ABOUT THIS TASK:
Nothing but an exact copy is asked for: the lines in the material below from the one with "Yangında gökyüzü dumanla kaplandı" through the one with "New Balance 740", pictures excluded.

DATA:
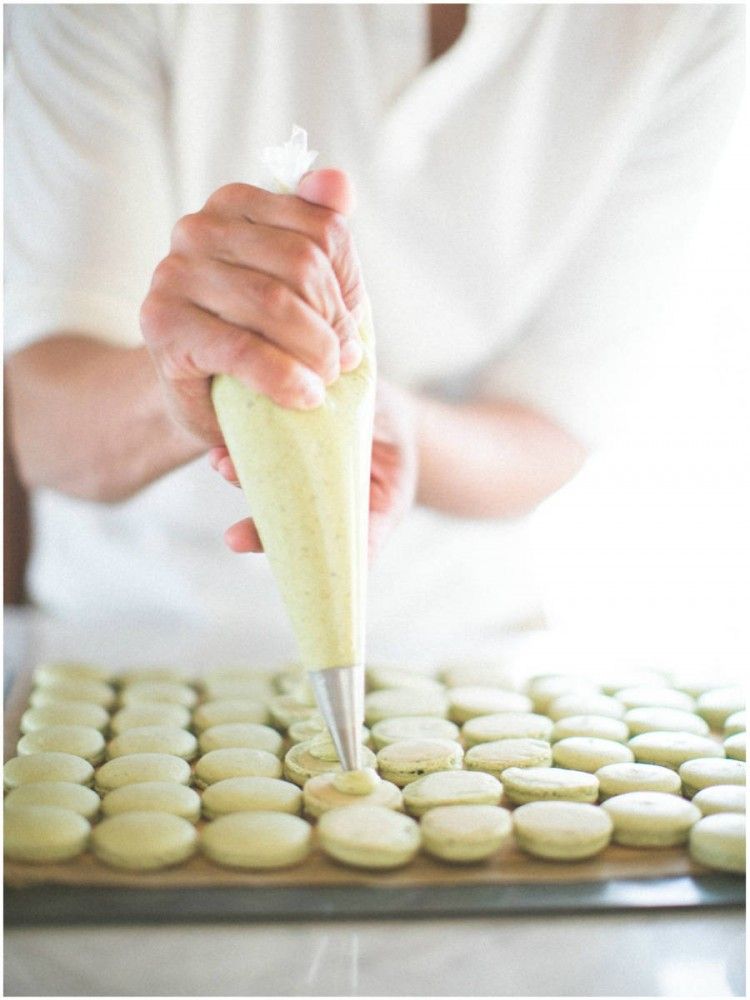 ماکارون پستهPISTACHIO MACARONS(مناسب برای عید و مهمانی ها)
---
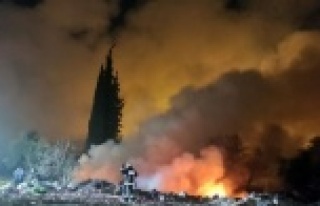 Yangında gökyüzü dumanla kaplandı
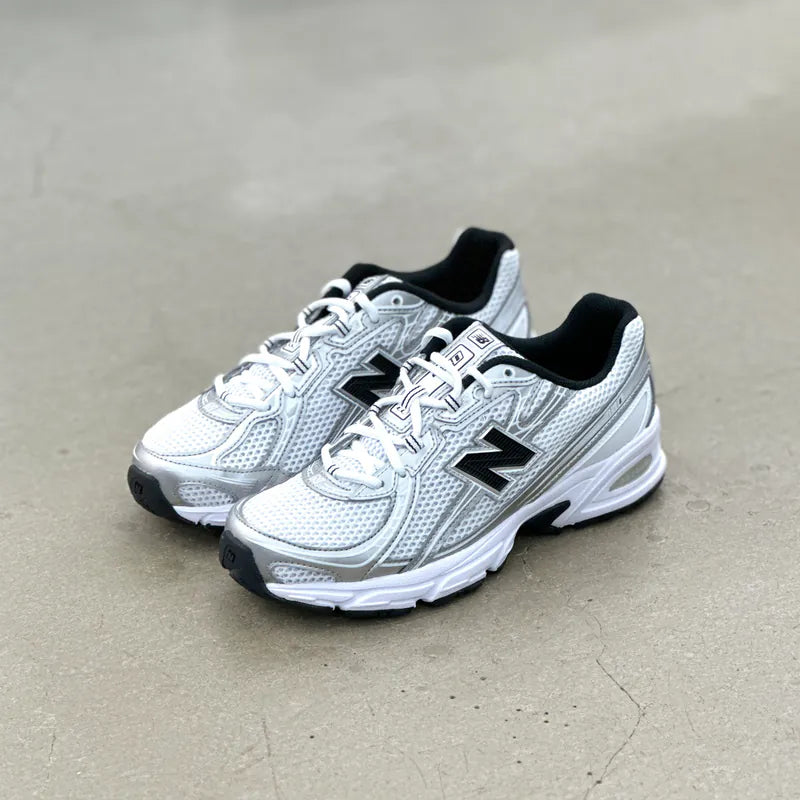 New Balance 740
--
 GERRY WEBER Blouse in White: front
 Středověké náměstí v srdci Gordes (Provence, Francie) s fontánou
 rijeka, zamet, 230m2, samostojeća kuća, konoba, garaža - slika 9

TASK OUTPUT:
 Yangında gökyüzü dumanla kaplandı
 New Balance 740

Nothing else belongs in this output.